Mel Gibson has committed to star in Edge of Darkness, marking his first starring role in a feature film since he headlined Signs and We Were Soldiers in 2002.
Martin Campbell will direct the feature adaptation of the six-hour 1985 BBC miniseries, which Campbell also helmed.
William Monahan wrote the script, and Graham King is producing through his GK Films banner. Michael Wearing, who produced the original, will also produce, and the BBC will be involved in a producing capacity.

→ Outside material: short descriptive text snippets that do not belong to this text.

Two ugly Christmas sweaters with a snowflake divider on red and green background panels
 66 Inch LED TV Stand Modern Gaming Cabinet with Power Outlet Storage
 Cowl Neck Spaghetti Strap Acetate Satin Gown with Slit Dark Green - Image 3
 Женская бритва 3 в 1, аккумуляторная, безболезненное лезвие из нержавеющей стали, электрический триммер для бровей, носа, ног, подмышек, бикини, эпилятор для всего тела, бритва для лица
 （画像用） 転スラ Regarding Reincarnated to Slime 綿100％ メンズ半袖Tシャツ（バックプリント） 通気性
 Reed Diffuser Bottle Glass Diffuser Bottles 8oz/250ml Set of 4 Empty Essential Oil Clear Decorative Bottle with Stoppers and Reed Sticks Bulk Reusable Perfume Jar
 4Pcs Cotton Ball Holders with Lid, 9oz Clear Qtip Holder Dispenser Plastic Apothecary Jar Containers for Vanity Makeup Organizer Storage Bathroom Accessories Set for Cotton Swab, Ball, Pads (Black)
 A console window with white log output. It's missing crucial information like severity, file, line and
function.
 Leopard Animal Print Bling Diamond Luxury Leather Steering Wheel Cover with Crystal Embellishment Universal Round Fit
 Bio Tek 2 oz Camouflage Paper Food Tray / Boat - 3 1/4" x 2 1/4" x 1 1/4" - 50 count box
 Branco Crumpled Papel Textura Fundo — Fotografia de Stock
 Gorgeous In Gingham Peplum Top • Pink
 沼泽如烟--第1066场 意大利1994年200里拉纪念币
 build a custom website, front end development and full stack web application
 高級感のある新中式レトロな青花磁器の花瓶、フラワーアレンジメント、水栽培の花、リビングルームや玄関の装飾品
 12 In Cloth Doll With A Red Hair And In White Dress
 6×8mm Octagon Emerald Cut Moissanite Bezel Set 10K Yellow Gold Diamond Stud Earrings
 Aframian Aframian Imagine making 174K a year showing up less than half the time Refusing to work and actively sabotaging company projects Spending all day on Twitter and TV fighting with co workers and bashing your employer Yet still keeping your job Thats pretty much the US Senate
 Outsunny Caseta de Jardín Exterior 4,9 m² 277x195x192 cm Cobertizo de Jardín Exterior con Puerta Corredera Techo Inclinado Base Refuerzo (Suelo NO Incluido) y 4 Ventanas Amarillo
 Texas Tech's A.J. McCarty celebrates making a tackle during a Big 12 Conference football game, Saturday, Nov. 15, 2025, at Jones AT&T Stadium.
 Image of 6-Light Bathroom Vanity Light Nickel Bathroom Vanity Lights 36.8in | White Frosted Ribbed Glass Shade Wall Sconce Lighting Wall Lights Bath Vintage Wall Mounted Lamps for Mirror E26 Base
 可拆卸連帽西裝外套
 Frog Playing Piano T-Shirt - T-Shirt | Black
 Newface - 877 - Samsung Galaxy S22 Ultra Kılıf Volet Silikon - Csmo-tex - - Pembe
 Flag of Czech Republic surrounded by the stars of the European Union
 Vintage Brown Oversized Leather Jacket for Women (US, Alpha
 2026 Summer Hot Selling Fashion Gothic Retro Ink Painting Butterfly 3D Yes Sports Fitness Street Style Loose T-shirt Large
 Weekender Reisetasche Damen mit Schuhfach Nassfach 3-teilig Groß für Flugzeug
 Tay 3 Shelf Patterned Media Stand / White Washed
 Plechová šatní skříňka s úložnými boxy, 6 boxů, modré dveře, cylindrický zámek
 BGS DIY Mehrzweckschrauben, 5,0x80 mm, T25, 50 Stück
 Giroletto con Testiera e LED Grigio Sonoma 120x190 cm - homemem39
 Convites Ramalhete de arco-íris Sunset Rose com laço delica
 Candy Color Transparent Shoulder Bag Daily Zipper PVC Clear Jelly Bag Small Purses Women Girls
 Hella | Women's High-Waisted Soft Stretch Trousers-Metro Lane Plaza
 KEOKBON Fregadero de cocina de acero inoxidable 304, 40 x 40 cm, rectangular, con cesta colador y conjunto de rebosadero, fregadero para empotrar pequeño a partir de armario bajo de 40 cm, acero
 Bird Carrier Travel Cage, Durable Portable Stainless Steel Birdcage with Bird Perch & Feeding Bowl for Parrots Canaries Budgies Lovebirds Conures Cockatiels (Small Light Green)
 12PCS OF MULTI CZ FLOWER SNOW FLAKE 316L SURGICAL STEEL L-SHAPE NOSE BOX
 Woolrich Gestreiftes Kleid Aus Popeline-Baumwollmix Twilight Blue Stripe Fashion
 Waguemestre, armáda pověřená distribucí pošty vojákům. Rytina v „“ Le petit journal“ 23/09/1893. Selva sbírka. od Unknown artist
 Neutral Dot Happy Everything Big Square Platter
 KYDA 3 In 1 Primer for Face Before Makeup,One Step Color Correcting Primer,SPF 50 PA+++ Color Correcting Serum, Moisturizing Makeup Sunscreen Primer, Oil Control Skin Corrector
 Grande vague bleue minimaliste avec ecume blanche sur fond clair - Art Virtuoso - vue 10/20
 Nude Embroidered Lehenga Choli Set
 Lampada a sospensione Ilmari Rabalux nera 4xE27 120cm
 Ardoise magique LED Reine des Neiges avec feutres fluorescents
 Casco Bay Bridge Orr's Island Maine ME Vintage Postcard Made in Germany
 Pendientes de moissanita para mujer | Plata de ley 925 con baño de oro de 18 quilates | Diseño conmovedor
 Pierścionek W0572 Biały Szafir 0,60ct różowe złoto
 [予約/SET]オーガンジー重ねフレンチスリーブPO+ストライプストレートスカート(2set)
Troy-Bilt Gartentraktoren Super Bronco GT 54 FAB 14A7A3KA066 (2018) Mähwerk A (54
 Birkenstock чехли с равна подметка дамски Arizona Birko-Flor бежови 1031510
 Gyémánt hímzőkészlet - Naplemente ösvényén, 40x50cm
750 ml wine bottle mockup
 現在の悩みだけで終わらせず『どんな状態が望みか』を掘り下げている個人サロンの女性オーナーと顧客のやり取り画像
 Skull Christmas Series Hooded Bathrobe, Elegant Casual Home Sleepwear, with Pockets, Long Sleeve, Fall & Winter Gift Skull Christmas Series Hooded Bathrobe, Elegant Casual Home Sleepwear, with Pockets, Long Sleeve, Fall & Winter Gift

Campbell, who last directed Casino Royale, developed the project and brought it to King a year ago. He enlisted Monahan for a page one rewrite; the scribe worked with King on The Departed. King is self-financing the project and is committed to an August production start in Boston. It is unclear whether he will fully finance through production or enlist a studio.
Gibson will play a straitlaced police investigator whose activist daughter is killed. He plunges into the case and uncovers systemic corruption that led to his daughter’s death.
Gibson had long been a fan of the mini and was receptive when King and Campbell approached him several months ago.
Before Signs and We Were Soldiers, Gibson starred in 2000’s What Women Want and The Patriot. Subsequently, he concentrated on directing, with The Passion of the Christ in 2004 and Apocalypto in 2006.
While Gibson has stayed under the radar after controversy sparked when he made anti-Semitic comments to a police officer during a DUI arrest in Malibu, he has continued to be offered acting vehicles, and he came close to accepting on several occasions, including Under and Alone, a fact-based drama still in development at Warner Bros.
At a time when supposedly proven stars aren’t translating to opening weekends, films that Gibson starred in and directed have grossed north of $5 billion worldwide.